Napster sheds staff as talks lag

The file-swapping company lays off 10 percent of its employees as its long-running copyright battle plays on and its subscription service sits on standby.

John Borland Staff Writer, CNET News.com
John Borland
covers the intersection of digital entertainment and broadband.
John Borland
2 min read
File-swapping company Napster laid off 10 percent of its staff this week, as it struggles to stay afloat without significant sources of revenue.

The company had hoped to settle its long-running copyright battles with the major record labels by now, paving the way for it to launch its subscription service this month. Instead, negotiations have proved rocky, and the company is back in court without a clear path to settlement in sight.

"In order to see this through the long haul, we needed to make moderate and temporary staffing reductions which resulted in a 10 percent cut," Chief Executive Konrad Hilbers said in a statement. "We intend to fill these positions once we are closer to launch."

Once the hottest service on the Internet, Napster shuttered its popular song-swapping service last July after losing successive court battles that would have kept it open. Its planned subscription service requires it to win permission from record labels to distribute their music.

The company has already launched a limited public test version, using independent-label music to which it has already won the rights, to demonstrate how the new service will work. But Hilbers has said he does not want to open the doors to the general public until he settles the disputes with all or most of the Big Five music labels: BMG Entertainment, EMI Recorded Music, Sony Music Entertainment, Universal Music Group and Warner Music Group.

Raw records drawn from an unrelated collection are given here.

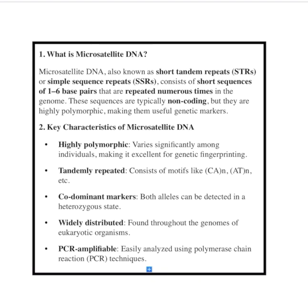Let's break down the key characteristics of microsatellite DNA. They are highly variable — these DNA patterns vary a lot between individuals, making them excellent for identification, like a biological fingerprint. They are also short and repeating, made of short sequences repeated many times.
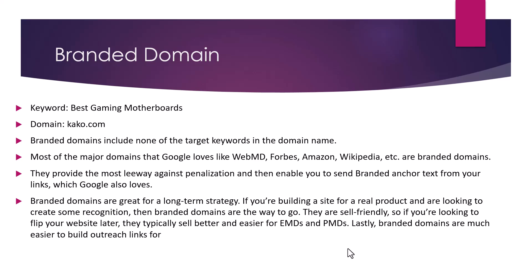Branded domains usually protect you from penalties, and they send branded anchor text as backlinks, which Google loves. Branded domains are usually great for a long-term strategy. If you are building a site for a real product and are looking to create some recognition, then branded domains are the way to go.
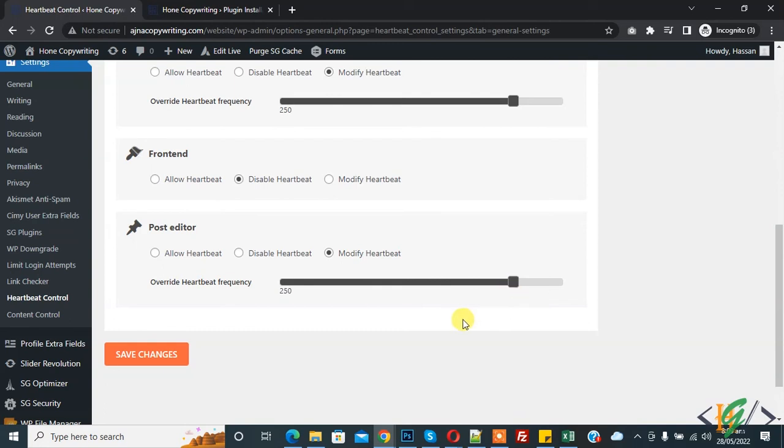This is a more practical approach if you have multiple authors working on the same WordPress website. You can set Override Heartbeat Frequency and modify it according to your requirement, and click on Save Changes.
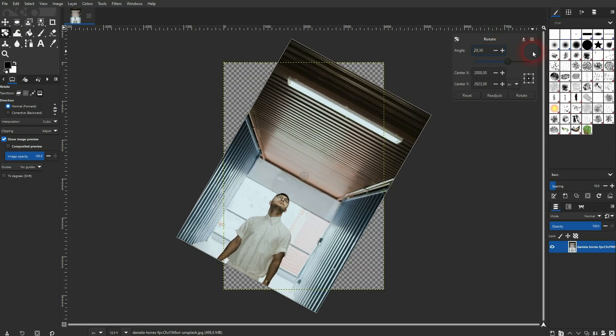And this is how you can flip an image in GIMP. I hope this video was helpful. Thanks for watching and I'll see you next time.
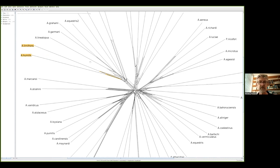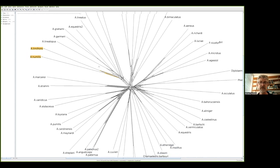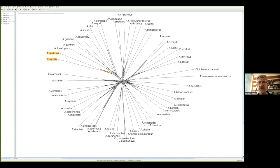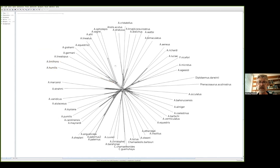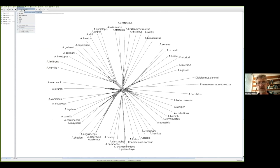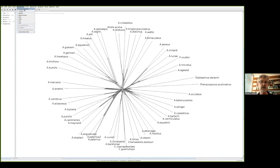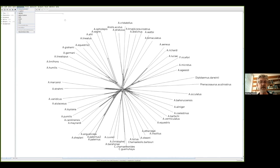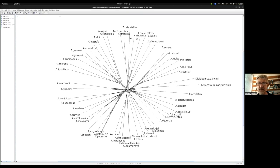This brings me to the different models. This is the default distance measure that is used when you load up an alignment in SplitsTree. If you go to the distances menu, you can see this is highlighted as the uncorrected P distance. Uncorrected P just means the proportion of sites that differ between any two sequences. It's got no sense of a molecular model of any complexity. It's just P for proportion, a value between zero and one.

The long-running court case has taken a new twist in recent weeks as federal judge Marilyn Hall Patel has turned some potentially uncomfortable scrutiny on the record labels as well as Napster. Last month she ordered a review of the labels' ownership of songs they said have been stolen through Napster, and she began looking into whether the music conglomerates' online activities have treaded into sticky antitrust territory.

Meanwhile, Napster is in the awkward position of burning through cash without the ability to make money from its new service. Its operations for the last year have been almost wholly funded by German conglomerate Bertelsmann, owner of BMG Entertainment.

Hilbers has said in the past that the cash flow is not endless. Napster went through another round of layoffs in October, cutting about 15 percent of its staff.

"Bertelsmann remains committed to the new Napster service and will continue to fund us accordingly through launch," Hilbers said.